Background: Interleukin (IL)-18 plays a central role in orchestrating the cytokine cascade and accelerates atherosclerosis and plaque vulnerability in animal models. However, epidemiological data evaluating the role of IL-18 levels in atherosclerosis are lacking.
Methods and results: In a prospective study of 1229 patients with documented coronary artery disease, we measured baseline serum concentrations of IL-18 and other markers of inflammation. During the follow-up period (median, 3.9 years), 95 patients died of cardiovascular causes. Median serum concentrations of IL-18 were significantly higher among patients who had a fatal cardiovascular event than among those who did not (68.4 versus 58.7 pg/mL; P<0.0001).
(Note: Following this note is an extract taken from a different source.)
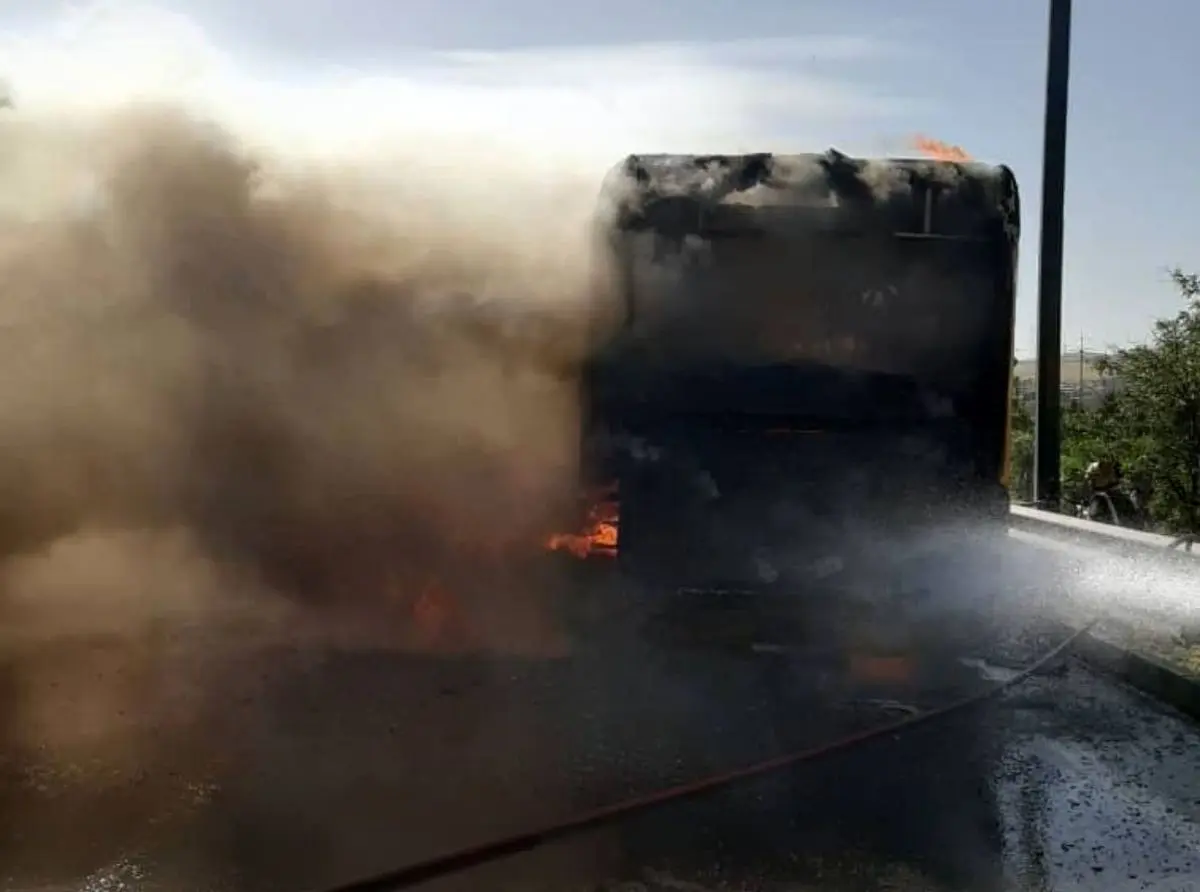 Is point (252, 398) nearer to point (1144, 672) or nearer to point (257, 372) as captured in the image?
point (257, 372)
The hazard risk ratio of future cardiovascular death increased with increasing quartiles of IL-18 (hazard risk ratio, 1.46; 95% CI 1.21 to 1.76; P for trend <0.0001). After adjustment for most potential confounders, including the strong predictor ejection fraction as well as the inflammatory variables IL-6, high-sensitive C-reactive protein, and fibrinogen, this relation remained almost unchanged, such that patients within the highest quartile of IL-18 had a 3.3-fold increase in hazard risk compared with those in the first quartile (95% CI, 1.3 to 8.4, P=0.01). This relation was observed in patients with stable angina and patients with unstable angina at baseline.
Conclusions: Serum IL-18 level was identified as a strong independent predictor of death from cardiovascular causes in patients with coronary artery disease regardless of the clinical status at admission. This result strongly supports recent experimental evidence of IL-18-mediated inflammation leading to acceleration and vulnerability of atherosclerotic plaques.